REUTERS/Charles Platiau

There has been no shortage of remembrances about Nelson Mandela since his death on Dec. 5. Icon, leader, radical, luminary–the life of former South African president has been memorialized in endless ways in recent days. And for good reason: His remarkable influence on both his country and the world feels unparalleled when compared with today’s political and activist leaders, heightening the sense of loss.

But doing justice to the life of a man who has inspired so many by his own actions–not to mention by his powerful words and speeches–is no easy task. Amid the deluge of celebrity essays and standard-fare obituaries, we highlight a few compelling tributes to this extraordinary leader that shouldn’t be missed.

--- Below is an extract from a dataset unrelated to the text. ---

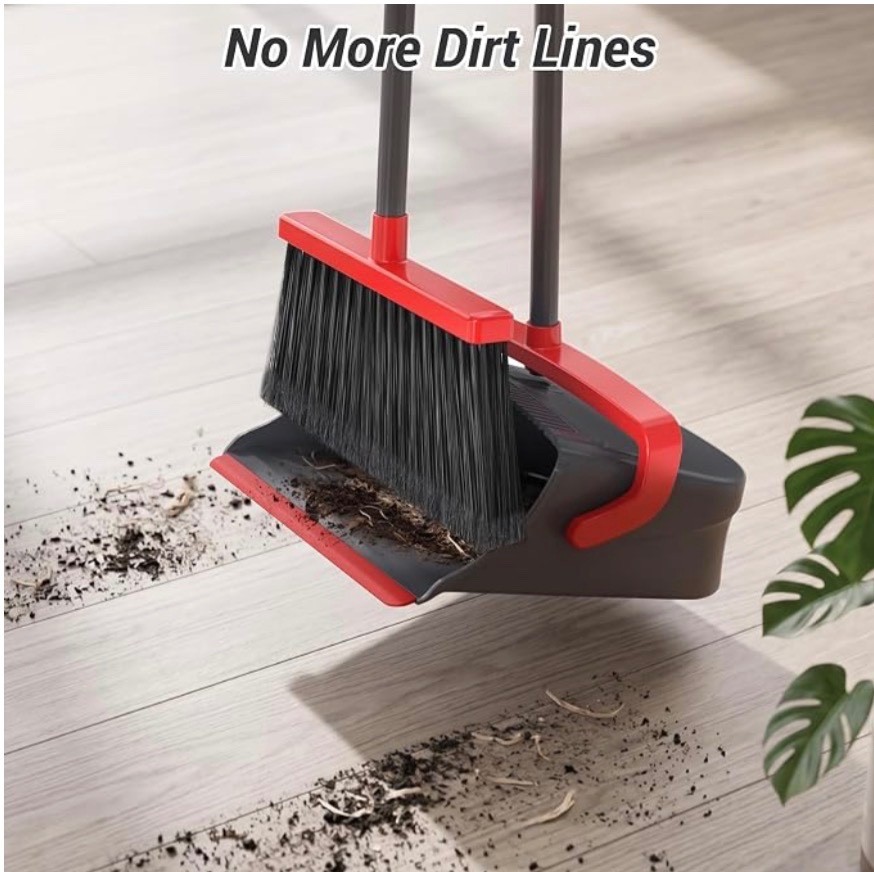 Broom Dustpan Set Long Handle Self Cleaning Pet Hair Dust Indoor Outdoor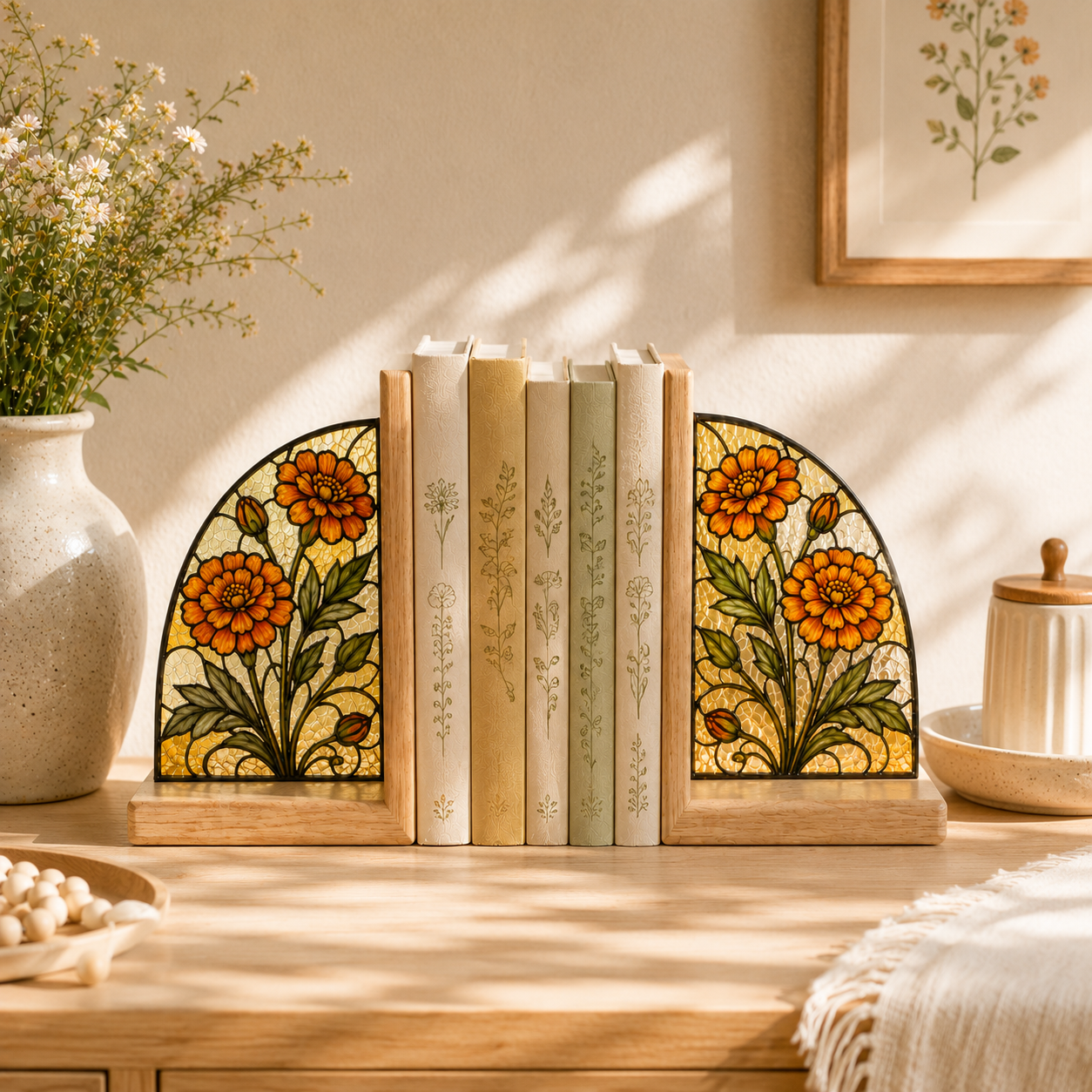 October Birth Flower Bookends | Marigold Wood Glass Bookend Set | Libra Scorpio Birthday Gift | Bookshelf Decor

The personal essay: In an eloquently written piece that critiques today’s world leaders for their lack of long-term vision, Swarthmore College professor Timothy Burke, who specializes in African history, begins his blog post listing various milestones in his life and the impact Mandela had on them. But that’s only a jumping-off point for a searing essay addressed to those now falling over themselves to memorialize Mandela’s life. “When you say, ‘He was a great statesman,’ credit what that means,” Burke writes. “It means that he looked ahead, kept his eyes on the prize, and tried to do what needed doing, whether that meant taking up arms, or playing chess, or making a friendly connection with a potentially friendly jailer. If you’re going to say it, then credit first that there might be great leaders (and great movements) where you right now see only terrorism or revolution or disorder.”

Burke’s message: “Mourn the statesman and the revolutionary and the terrorist and the neoliberal and the ethicist and the pragmatist and the saint and don’t you dare try to discard or remove any part of that whole. Celebrate him? Sure, but then make sure you’re willing to consider emulating him.”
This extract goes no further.